The frustules were deployed in aqueous media using the well setup shown in Fig. S7 (see ESI†). We placed ∼4.5 μL of nanopure water containing 0.1 wt% sodium dodecyl sulfate (SDS) on the hydrophobic frustules and repeatedly aspirated and expelled the liquid in the micropipette. This suspended the swimmers in solution and enabled transfer to the experimental chamber and a bubble of air was trapped inside them as shown in Fig. 3. The surfactant was essential as it enabled the swimmers to resist aggregation and freely slide onto the surface of the substrate and the glass-slide cover. The optimized 0.1 wt% SDS amount represented a compromise between the mobility of individual swimmers and the longevity of the bubble to achieve minutes to hours of experiment time at the acoustic fields.

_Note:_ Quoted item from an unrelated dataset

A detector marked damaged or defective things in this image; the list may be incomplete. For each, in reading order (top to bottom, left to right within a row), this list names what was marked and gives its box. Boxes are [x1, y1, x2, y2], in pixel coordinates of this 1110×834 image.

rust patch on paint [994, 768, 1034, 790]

Too much surfactant can cause the bubble to pop prematurely as it forms a low energy interface between the hydrophobic chains and the aqueous media. With this setup, we could observe the swimmers move in a pseudo-planar fashion using an optical microscope while varying the frequency and power of the acoustic power source. The microswimmers are predicted to have a fundamental resonant frequency at which they are most active, as well as many potential radial and axial modes. The piezoelectric transducer itself also has many resonant modes at which it produces a higher acoustic pressure. We expect the frequency response of the swimmers at a certain peak-to-peak sinusoidal voltage provided to the transducer to be modulated by these nonlinear responses to frequency changes. We can also expect that coupling to the silicon wafer, as well as the experimental cavity itself has its own resonant modes, further increasing the complexity. At this stage, it was important to develop a rapid and computationally simple method to map swimmer activity to frequency.

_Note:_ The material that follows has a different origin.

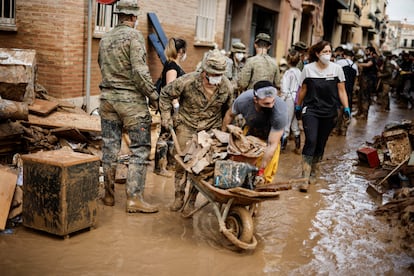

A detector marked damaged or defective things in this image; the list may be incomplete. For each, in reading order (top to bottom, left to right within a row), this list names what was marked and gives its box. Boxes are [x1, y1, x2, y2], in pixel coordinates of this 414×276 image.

Fig. 3 Images of swimmers. The darker regions are the air bubbles trapped inside the lighter gray cylindrical cavities. The clean silica-based frustule (1), after coating with the hydrophobic silane (2) has a trapped air bubble in the cavity, which persists when the swimmer is placed in aqueous media (3) (A) two cylinders still attached, (B) two longer cylinders attached, partial bubble in one, (D) small singular cylinder.

To do this, we adapted an algorithm²³ that averages frames around a frame of interest in a video and takes the difference between the image and the frame. A threshold was introduced to eliminate pixel differences that occurred due to noise in the video. The total count of pixels that are different functions as a measure of the activity per frame. We could then sync this video to cycles of a frequency sweep function on the signal generator and plot this activity as a function of frequency. Doing this for many cycles, automatically parsing each cycle and adding the activities revealed a replicable and quick way to map bulk level activity of swimmers as a response to changing frequency.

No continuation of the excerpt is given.